Между различным придворным обществом XVI–XVII веков — елизаветинская эпоха, из которого плодотворная фантазия молодого Шекспира должна была почерпать свой материал, которого сочленом он до некоторой степени состоял и члены которого, очень вероятно, бывали прямыми заказчиками тех или других его комедий, — было как в отношении церковном, так и в отношении государственного давления самым свободным, самым богатым неисчерпанными жизненными силами, по крайней мере со времени дней расцвета итальянского Ренессанса… Как раз в это время Англия созрела для понимания очарования южных форм и вышла из предварительной стадии ученой европейской неолатинщины во вторую стадию национального гуманизма и заботы о собственном языке. Религиозные споры хотя, конечно, и возбуждали государственную мысль островитян, тем не менее не могли разбить их единства. Они внесли только новое напряжение в их умственную жизнь, которая и без того — как во всей Европе — была насыщена борьбой принципов тирании и свободы.
Конечно, Шекспир в своих изображениях этой среды обогатил их еще и своей собственной высокой природой. Однако многие элементы он нашел в действительности: здоровую натуру народа, праздничное настроение, некоторое, так сказать, брачное оперение высокого времени в судьбе нации, беззаботную близость к земле и ее сокровищам, гибкость общественных сношений, следование которым или разрыв с которыми составляли ту прелесть, опасность и содержание в общем несколько легкомысленного дворянского существования.

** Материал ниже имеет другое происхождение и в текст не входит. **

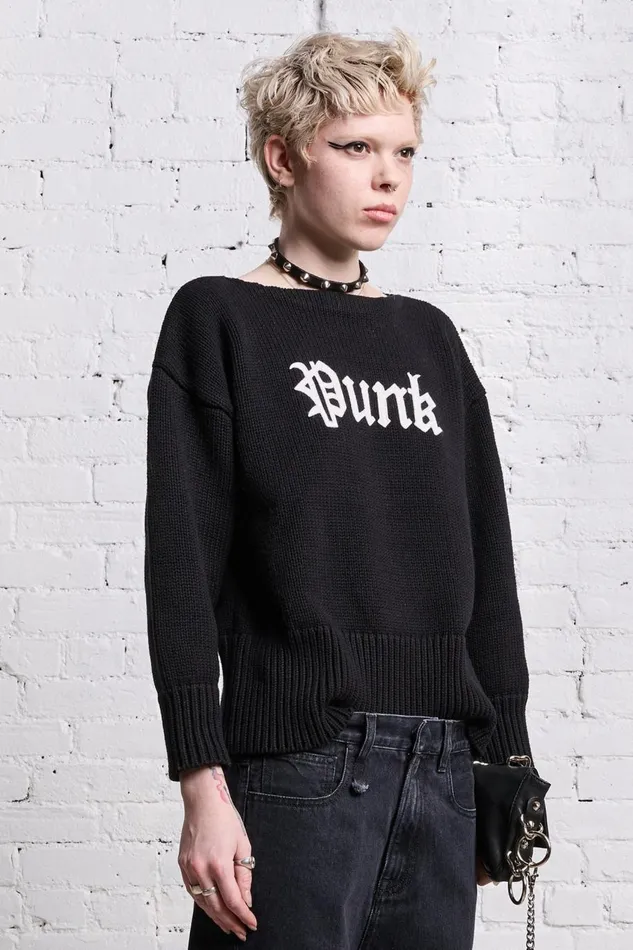 R13 Sale Women SHRUNKEN PUNK SWEATER 8211 GOTHIC BLACK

Эти породистые юноши имели все добродетели богатой жизненности и все пороки безответственности: они были великолепны, их энергия била через край, они были неразборчивы, полны темперамента и остроумия, толкавших их на расточительность, они были вместе с тем жестки, лишены чувства нежности, потому что ими владел, как какими-то красивыми животными, непосредственный хищный инстинкт жизни. Это мешало им симпатически вдумываться в чужую жизнь, особенно в жизнь других классов. Возбужденные, жадные, устремленные куда-то, полные сознания, что их омывают волны какой-то свежей эпохи, все фибры их дрожат, и если у них нет сострадания, то зато множество сочувствия ко всему кипучему, обольстительному, вплоть до собак, соколов, лошадей, — тяготение ко всему равному им по красоте и беззаботности, в особенности к прекрасно близкому и вместе с тем столь разнородному — женщине и т. д.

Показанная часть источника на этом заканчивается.